### Work task
Word for word, reproduce every line of the data.

Records from a dataset:
* * * *

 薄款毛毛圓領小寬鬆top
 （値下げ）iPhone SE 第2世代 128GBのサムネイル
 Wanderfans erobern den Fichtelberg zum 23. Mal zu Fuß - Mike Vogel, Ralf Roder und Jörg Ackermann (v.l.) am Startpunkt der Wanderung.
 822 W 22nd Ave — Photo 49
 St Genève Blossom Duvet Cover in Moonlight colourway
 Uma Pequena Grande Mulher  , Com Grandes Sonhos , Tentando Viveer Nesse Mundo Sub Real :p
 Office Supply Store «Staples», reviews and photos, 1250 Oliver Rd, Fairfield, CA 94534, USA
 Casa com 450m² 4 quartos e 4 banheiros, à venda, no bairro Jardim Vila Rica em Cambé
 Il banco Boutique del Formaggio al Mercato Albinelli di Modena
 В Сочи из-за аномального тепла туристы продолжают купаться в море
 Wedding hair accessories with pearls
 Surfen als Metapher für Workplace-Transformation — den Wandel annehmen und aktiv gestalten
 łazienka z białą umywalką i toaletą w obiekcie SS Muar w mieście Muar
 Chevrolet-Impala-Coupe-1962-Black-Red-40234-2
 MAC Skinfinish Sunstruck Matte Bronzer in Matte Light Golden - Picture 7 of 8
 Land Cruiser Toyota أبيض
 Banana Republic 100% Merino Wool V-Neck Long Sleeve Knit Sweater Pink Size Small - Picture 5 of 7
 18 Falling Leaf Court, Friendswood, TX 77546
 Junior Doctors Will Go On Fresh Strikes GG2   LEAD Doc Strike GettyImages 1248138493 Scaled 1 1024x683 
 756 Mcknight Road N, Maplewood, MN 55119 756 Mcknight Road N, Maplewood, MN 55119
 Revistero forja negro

* * * *

### Your response
 薄款毛毛圓領小寬鬆top
 （値下げ）iPhone SE 第2世代 128GBのサムネイル
 Wanderfans erobern den Fichtelberg zum 23. Mal zu Fuß - Mike Vogel, Ralf Roder und Jörg Ackermann (v.l.) am Startpunkt der Wanderung.
 822 W 22nd Ave — Photo 49
 St Genève Blossom Duvet Cover in Moonlight colourway
 Uma Pequena Grande Mulher  , Com Grandes Sonhos , Tentando Viveer Nesse Mundo Sub Real :p
 Office Supply Store «Staples», reviews and photos, 1250 Oliver Rd, Fairfield, CA 94534, USA
 Casa com 450m² 4 quartos e 4 banheiros, à venda, no bairro Jardim Vila Rica em Cambé
 Il banco Boutique del Formaggio al Mercato Albinelli di Modena
 В Сочи из-за аномального тепла туристы продолжают купаться в море
 Wedding hair accessories with pearls
 Surfen als Metapher für Workplace-Transformation — den Wandel annehmen und aktiv gestalten
 łazienka z białą umywalką i toaletą w obiekcie SS Muar w mieście Muar
 Chevrolet-Impala-Coupe-1962-Black-Red-40234-2
 MAC Skinfinish Sunstruck Matte Bronzer in Matte Light Golden - Picture 7 of 8
 Land Cruiser Toyota أبيض
 Banana Republic 100% Merino Wool V-Neck Long Sleeve Knit Sweater Pink Size Small - Picture 5 of 7
 18 Falling Leaf Court, Friendswood, TX 77546
 Junior Doctors Will Go On Fresh Strikes GG2   LEAD Doc Strike GettyImages 1248138493 Scaled 1 1024x683 
 756 Mcknight Road N, Maplewood, MN 55119 756 Mcknight Road N, Maplewood, MN 55119
 Revistero forja negro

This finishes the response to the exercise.